Problem to work on >>
Beginning with the line that contains "Casa Varola" in the material below, print each line exactly until the line that contains "UNDER ARMOUR Patike UA JET '23" has been printed, then stop.

Information shown >>
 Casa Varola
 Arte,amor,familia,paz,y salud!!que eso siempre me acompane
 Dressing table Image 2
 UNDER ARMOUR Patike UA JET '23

...

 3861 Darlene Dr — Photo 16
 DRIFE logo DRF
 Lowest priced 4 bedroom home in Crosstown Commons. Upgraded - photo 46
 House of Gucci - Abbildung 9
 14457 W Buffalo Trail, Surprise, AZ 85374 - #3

Completed exercise >>
 Casa Varola
 Arte,amor,familia,paz,y salud!!que eso siempre me acompane
 Dressing table Image 2
 UNDER ARMOUR Patike UA JET '23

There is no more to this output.